Almeida também acredita que nada impede que a própria Microsoft invista mais em metaverso no futuro, e o seu foco em apresentar soluções para empresas pode colocá-la na dianteira em relação à Meta, que tem foco nos consumidores finais: “se for algo que as empresas começam a usar, aí sim cria a necessidade de comprar itens e tecnologias do metaverso, que começa a se desenvolver. Acho que Meta errou na abordagem, com foco em entrenimento, social, e não é a hora”.
Ele afirma ainda que o mercado poderia ter “mais paciência” com a demora da Meta em entregar resultados em outros tempos, mas não agora. O próprio papel de Zuckerberg como CEO do conglomerado já vinha sendo questionado, e Almeida espera que a empresa ainda enfrente “uma pressão forte por resultados, e no curto prazo o metaverso não vai trazer isso”.
Do outro lado, a Microsoft deverá “ver retornos logo” do seu investimento em inteligência artificial, e ele espera que a companhia intensifique ainda mais seus investimentos na área nos próximos meses, independentemente do quadro econômico.
Qual será a vencedora?
Almeida acredita que a aposta da Microsoft em inteligência artificial é “muito mais certeira e de curto e médio prazo” que a da Meta no metaverso. “IA já é algo que falamos há muitos anos, e ainda mais agora nos últimos meses que estamos vendo em um nível até um pouco assustador em termos de qualidade e velocidade”.

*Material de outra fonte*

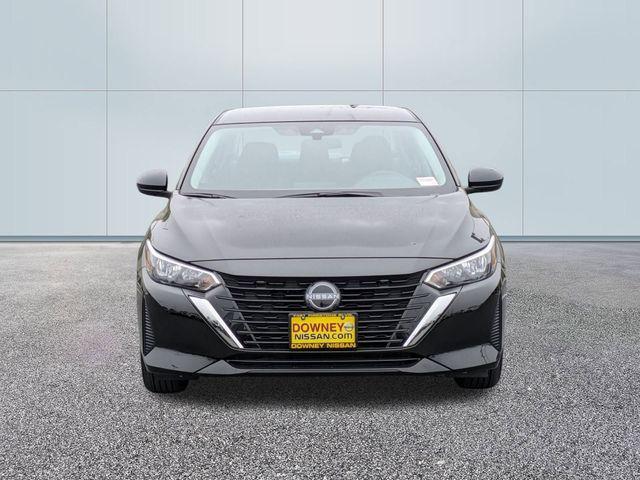 used 2025 Nissan Sentra car, priced at $18,991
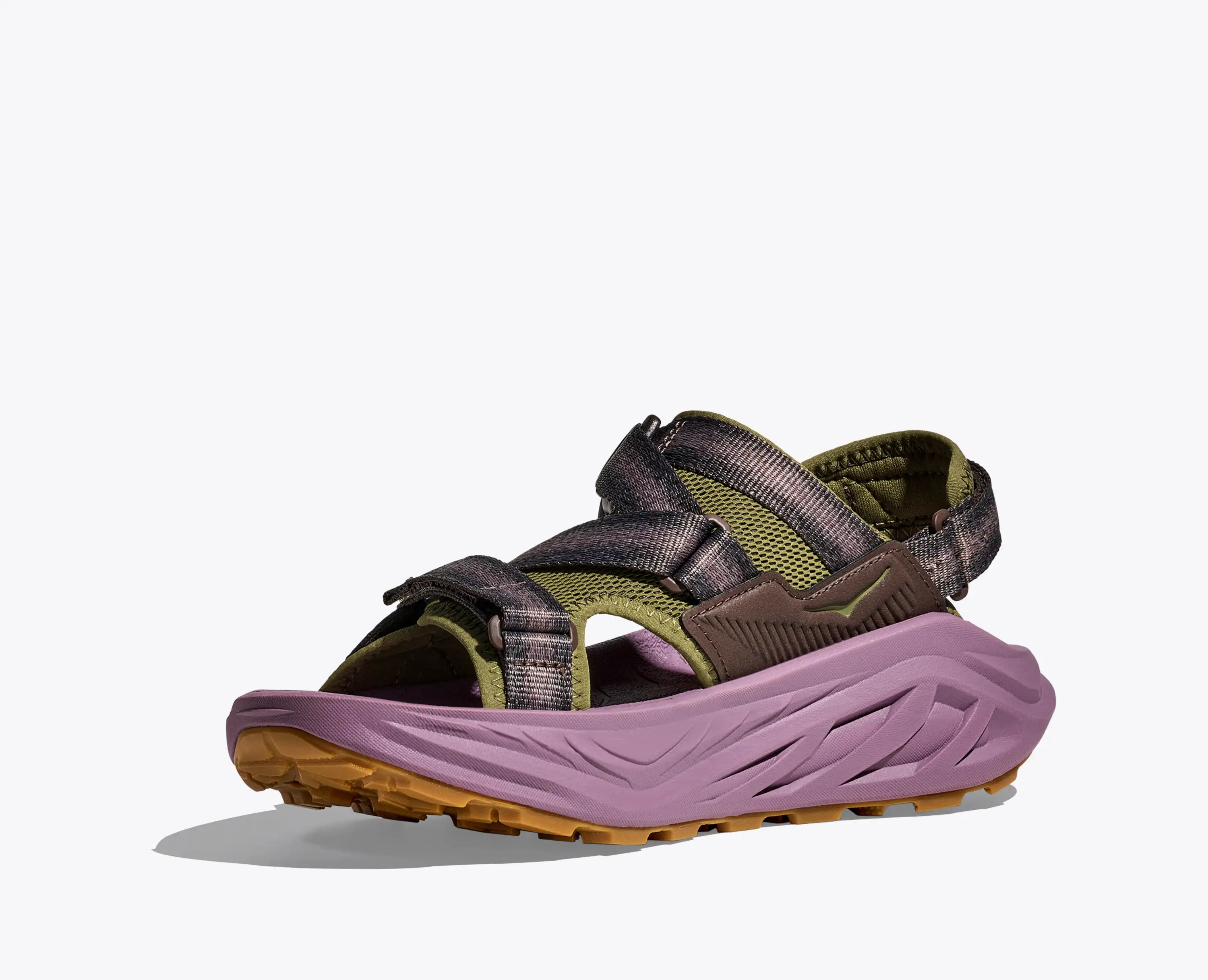 Hoka Women'S Infini Hike Tc Walnut Plum Jam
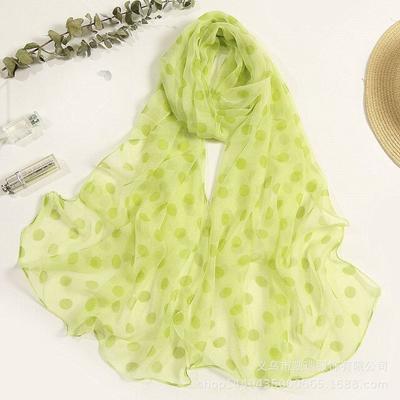 Silk Scarf Satin Hair For Women Fashion Print Head Scarfs Female Headband Neck Scarves For Ladies Spring
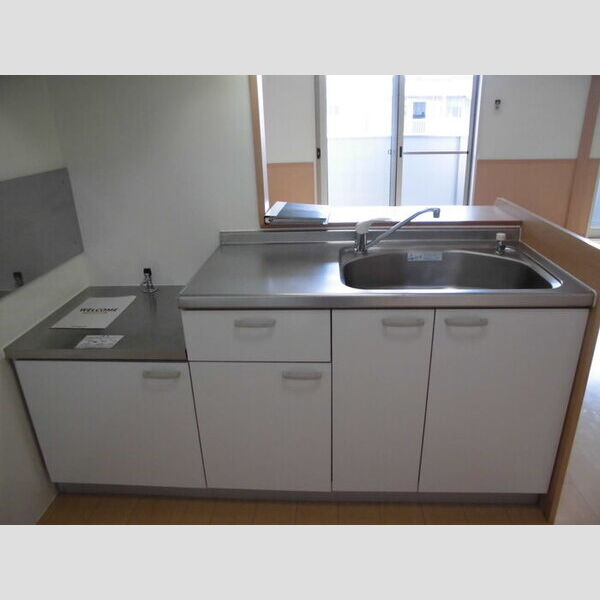 ボア・ソルテ キッチン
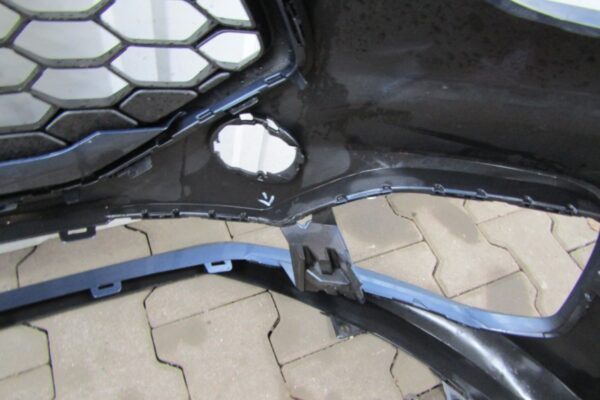 Bumper Ford Fiesta MK8 VIII FACELIFT ST 21- Voorbumper KJ8947
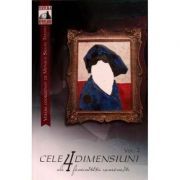 Cele 4 dimensiuni ale feminitatii romanesti, Volumul 2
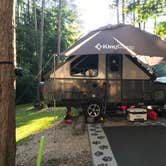 Review photo of Mt Gilead State Park Campground by Shannon G., August 13, 2020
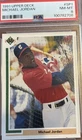 1991 Upper Deck - Michael Jordan #SP1 NM-MT PSA 8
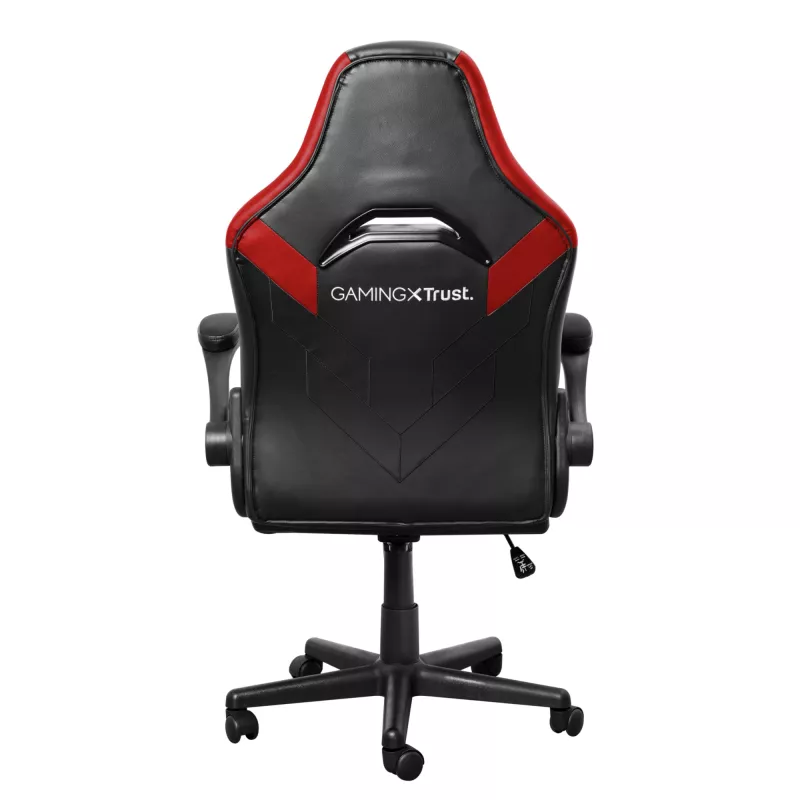 Cadeira gaming universal Trust GXT 703R RIYE preto, vermelho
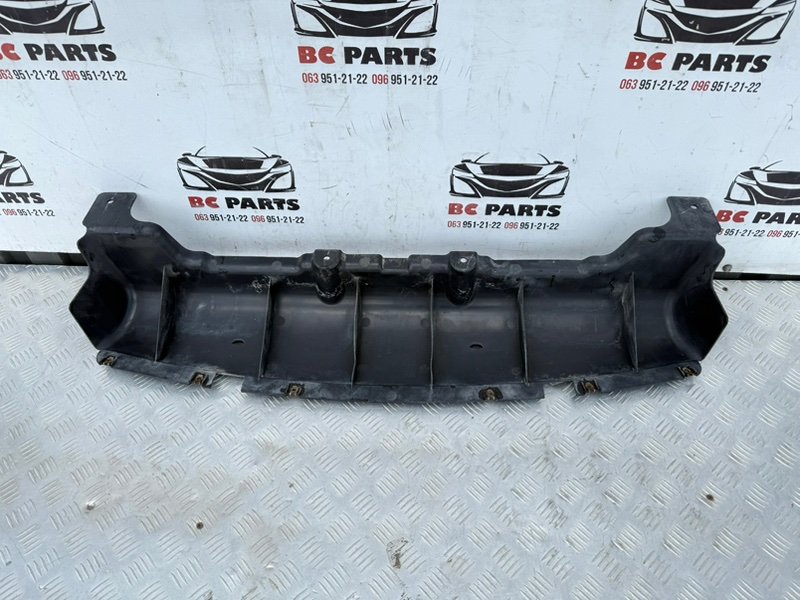 Защита бампера задняя Ford Fusion 2013-2020 MK5 ds7311787bf Б/У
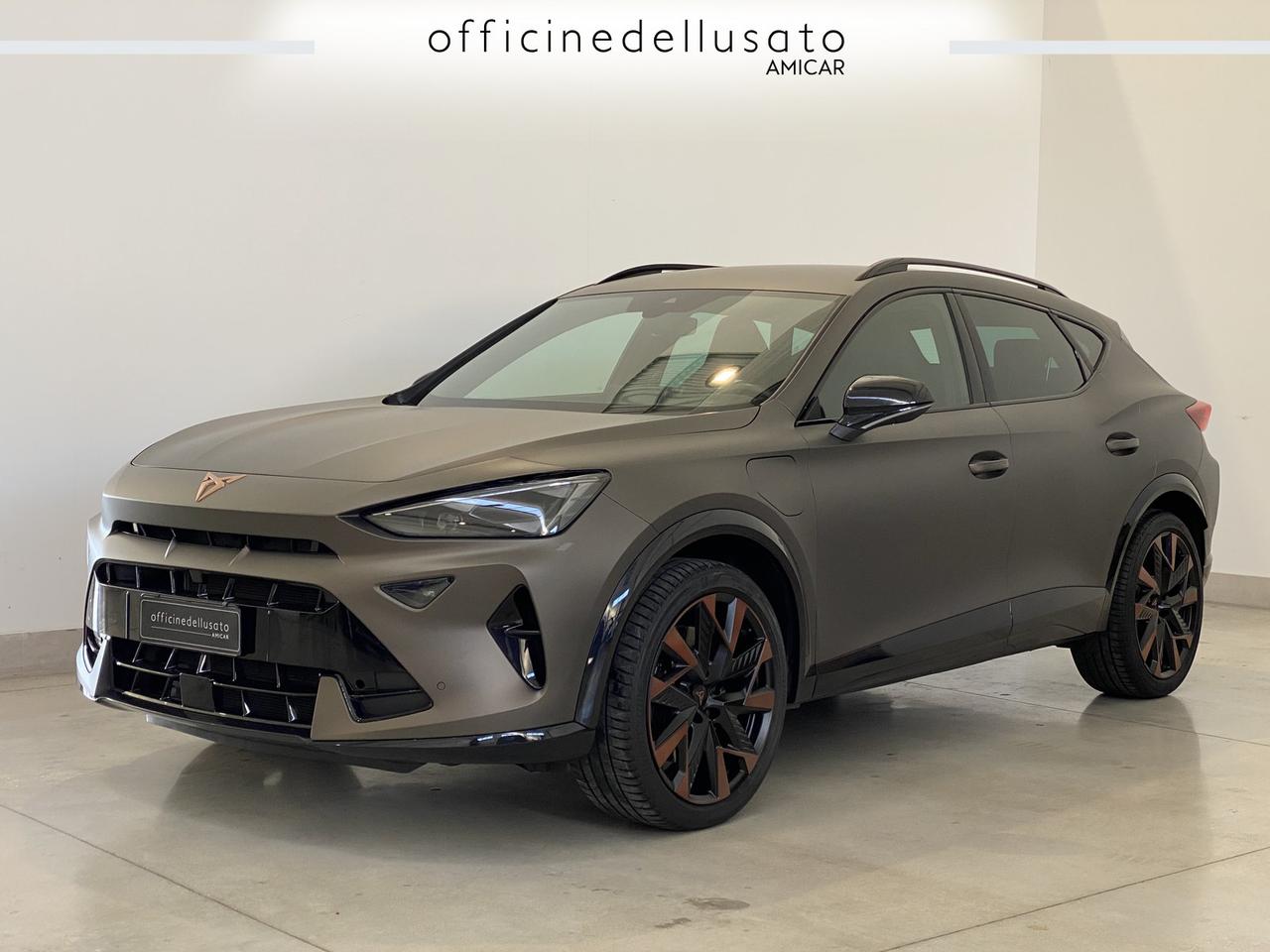 Cupra Formentor 1.5 e-hybrid 272cv vz dsg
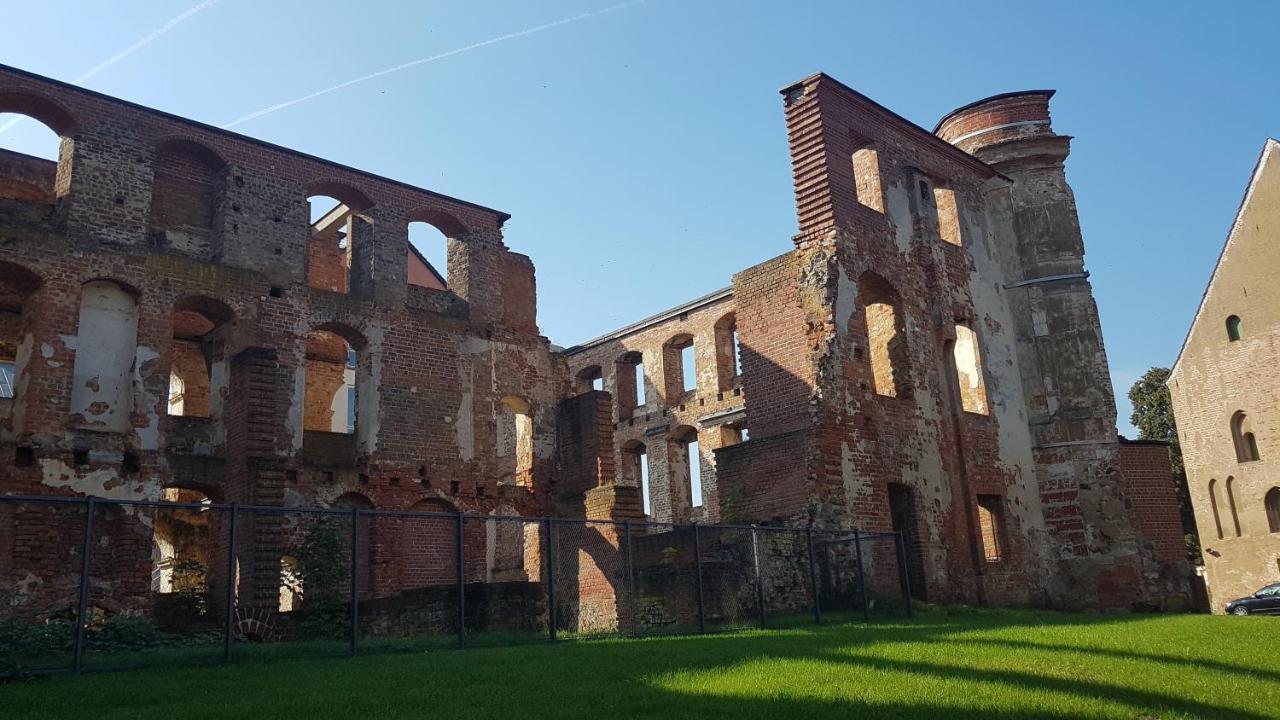 Fewo-Kerstin, Malchin Exterior foto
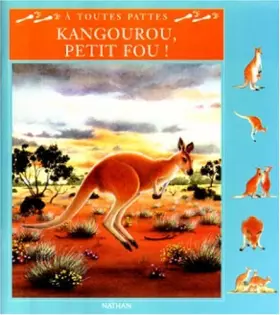 Couverture du produit · Kangourou, petit fou !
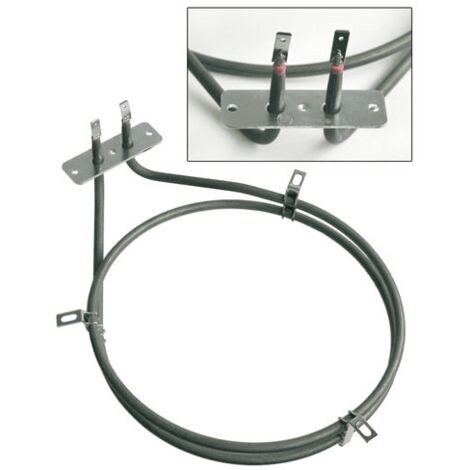 Resistance circulaire 1600W (300474-11968) Four, cuisiniere C00045432 ARISTON HOTPOINT HOTPOINT (1/4)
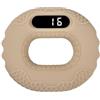 YWJLQH Hand Grip per Allenamento Avambraccio, Attrezzo Ricaricabile per la della Mano con Contatore Digitale, Allenatore per le Mani in, color to 4, Versione con contatore normale
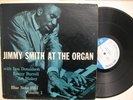 Jimmy Smith at the Organ V1 - Blue Note 63rd St Mono RVG Ear DG - No R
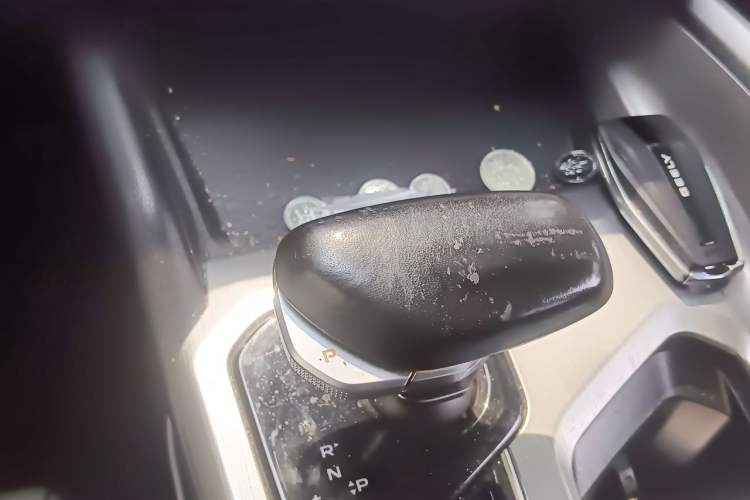 Used Geely Auto Preface 2021 2.0TD Luxury Version Gear Lever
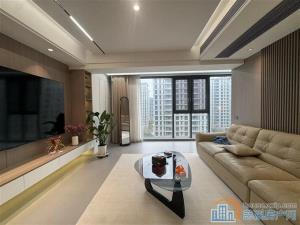 泊蔚里 精装修 130平 260万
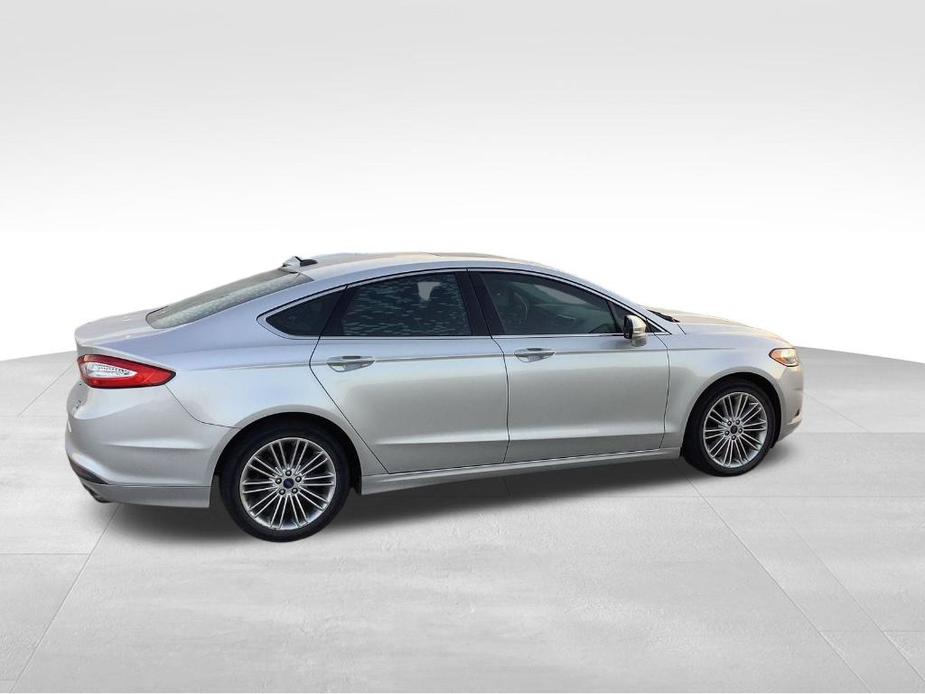 used 2016 Ford Fusion car, priced at $12,677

O movimento, destaca ele, é ainda mais acertado por fazer parte do esforço da empresa em diversificar o seu portfólio, retirando a dependência de produtos como o Windows e o Office, o que ajudou a reduzir os riscos de investir na empresa e também a manter uma dominância nas áreas em que atua.
Para ele, a Meta “está com um problema na mão”: ”O Facebook já não cresce em vários países, Instagram está com problemas de retenção e tem os concorrentes como TikTok, e o Whatsapp tem uma dificuldade grande de monetizar. Eles têm pouca diversificação. Com o metaverso, eles querem dominar o nicho, mas não acho impossível que eles mudem de foco e invistam em outra área. Depende do quanto de pressão eles vão conseguir aguentar”.
Borneli, da StartSe, destaca que a Microsoft tem indicado ter um “plano muito consistente” e acelerou seus investimentos em inteligência artificial, o que passa a sensação de que “sabe qual é a direção correta, tem convicção nisso e vai continuar, mesmo com ajuste”. Já a Meta “passa por um vale de desconfiança”.
“É sempre arriscado comparar, mas olhando hoje, o que ajuda a ter uma resposta mais certa é: você consegue imaginar um futuro sem IA? É difícil imaginar isso. Agora, você consegue imaginar trocar relações pessoais pelo metaverso? É mais difícil”, questiona.
Ele acredita que a Microsoft está na direção certa, e que as pessoas serão cada vez mais impactadas por inteligências artificiais, que chegam agora na área de aplicações práticas do dia a dia. Por isso, Borneli vê a gigante de tecnologia com uma “estratégia mais clara”.
“A Meta fez uma aposta de tudo ou nada, vendo os problemas nas redes sociais. É um novo caminho, mas parece que colocou todas as fichas, mudando nome, sigla na bolsa, então é algo mais arriscado. No momento não parecem ser apostas que se mostraram acertadas”, diz.